Your response should contain only the lines running from the top of the data below through the line with "8960 Telfair Ave, Sun", both included. Pictures must be omitted.

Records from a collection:
====================
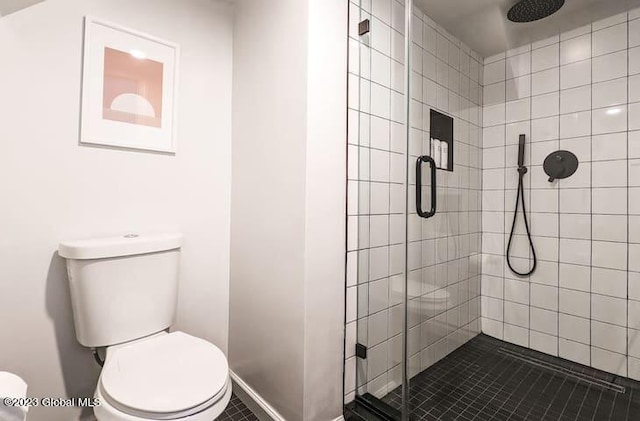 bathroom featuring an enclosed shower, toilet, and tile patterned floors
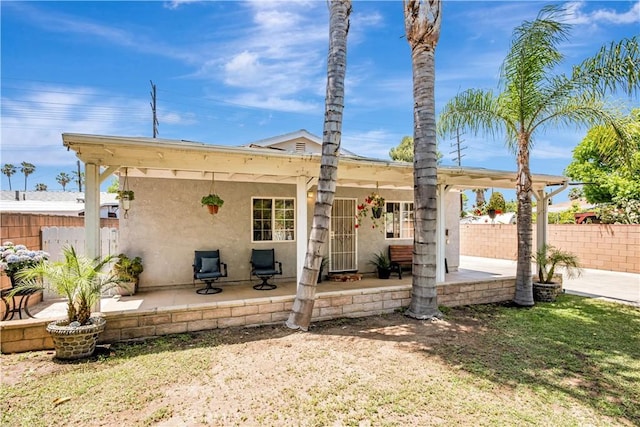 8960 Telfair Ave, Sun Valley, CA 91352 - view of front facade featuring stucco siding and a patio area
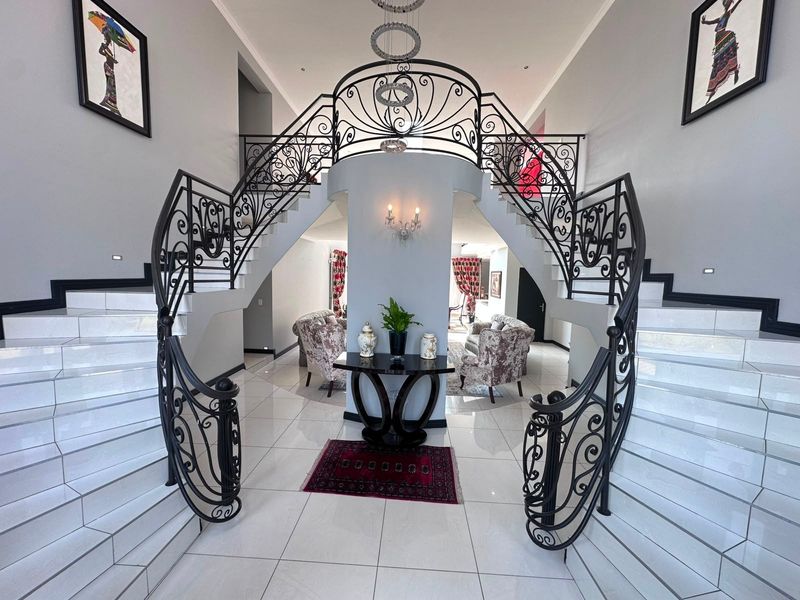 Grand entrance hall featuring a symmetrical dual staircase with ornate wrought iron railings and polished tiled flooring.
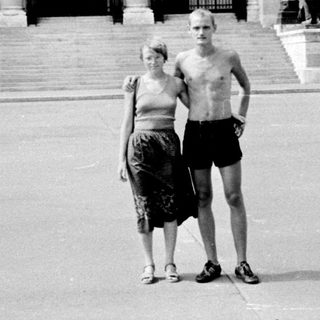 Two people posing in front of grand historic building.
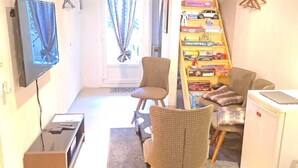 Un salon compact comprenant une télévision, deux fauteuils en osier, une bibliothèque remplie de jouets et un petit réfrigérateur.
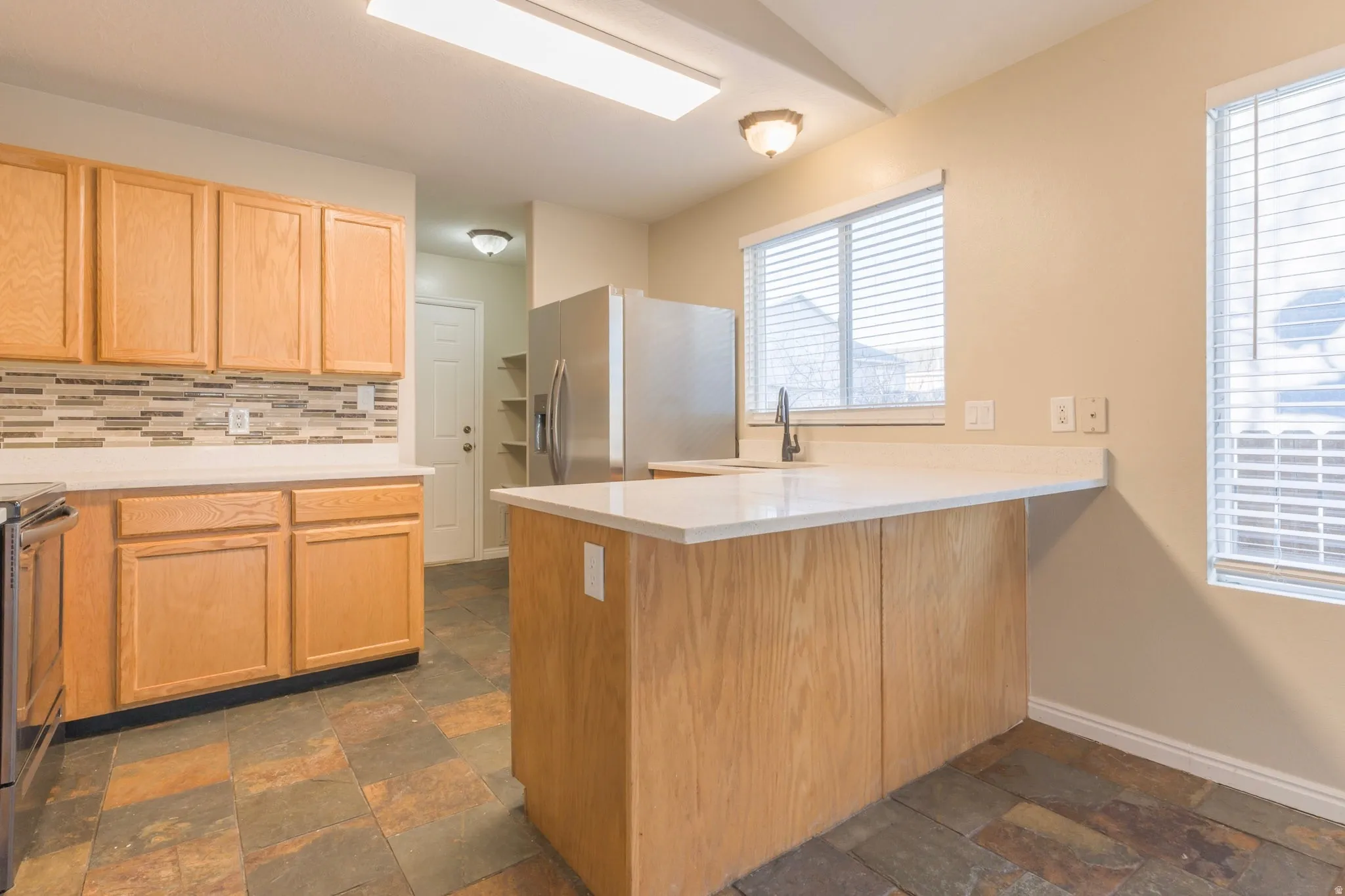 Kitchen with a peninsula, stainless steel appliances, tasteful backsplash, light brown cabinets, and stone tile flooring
====================
RESPONSE TO THE TASK ->
 bathroom featuring an enclosed shower, toilet, and tile patterned floors
 8960 Telfair Ave, Sun Valley, CA 91352 - view of front facade featuring stucco siding and a patio area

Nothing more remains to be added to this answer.